Еще одним примером отношений между количественными и качественными изменениями является связь между пробками на дорогах и числом используемых автомобилей. Популяция автомобилей в данном регионе медленно растет год от года, однако возможная скорость движения автомобилей остается постоянной, пока популяция не достигает некоторого порогового значения. Кривая роста популяции автомобилей со временем – это медленно растущая плавная кривая с небольшой положительной производной. По контрасту, кривая среднего времени в пути на километр дороги – это горизонтальная линия, остающаяся константой до определенной точки. Когда число автомобилей превышает пороговое значение, на дорогах возникают пробки, и кривая среднего времени на километр резко взлетает вверх.
Можно сказать, что вплоть до некоторой точки увеличение числа автомобилей в регионе было «хорошим», имело положительную ценность, однако сверх этой точки число автомобилей стало вредным.
Диалектический взгляд на историю схож с вышеописанным.
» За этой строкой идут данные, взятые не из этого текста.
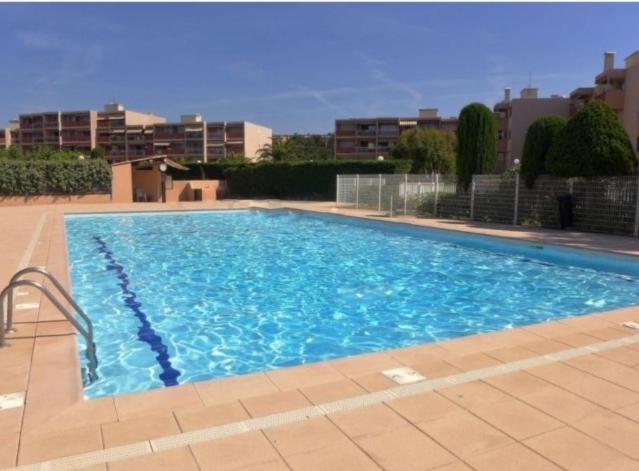 Appartement paisible avec vue panoramique mer et accès direct plage Images_2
Он предполагает, что в некоторой исторической точке, например в середине XIX века, социальная дифференциация и напряжения были таковы, что должна была появиться теория эволюции определенного вида, отражающая такую социальную систему. Насколько я понимаю, марксисты считают несущественным, создал ли теорию Дарвин, Уоллес, Чемберс (Chambers) или кто-то еще из полудюжины ведущих биологов, бывших тогда на грани создания теории эволюции такого общего типа. Марксисты полагают, что когда время созрело, человек найдется. Всегда найдется кто-то, кто послужит точкой кристаллизации нового гештальта. И действительно, история теории эволюции как будто это подтверждает. В 1850-х было несколько человек, готовых создать теорию эволюции. Эта теория или какое-то ее подобие должна была неизбежно появиться в период плюс-минус десять лет от даты фактического опубликования «Происхождения видов». Также, без сомнения, было политически неизбежно, что в это время ламаркианский взгляд на эволюцию исчез со сцены, а кибернетическая философия эволюции, предложенная Уоллесом, не стала доминирующей идеей.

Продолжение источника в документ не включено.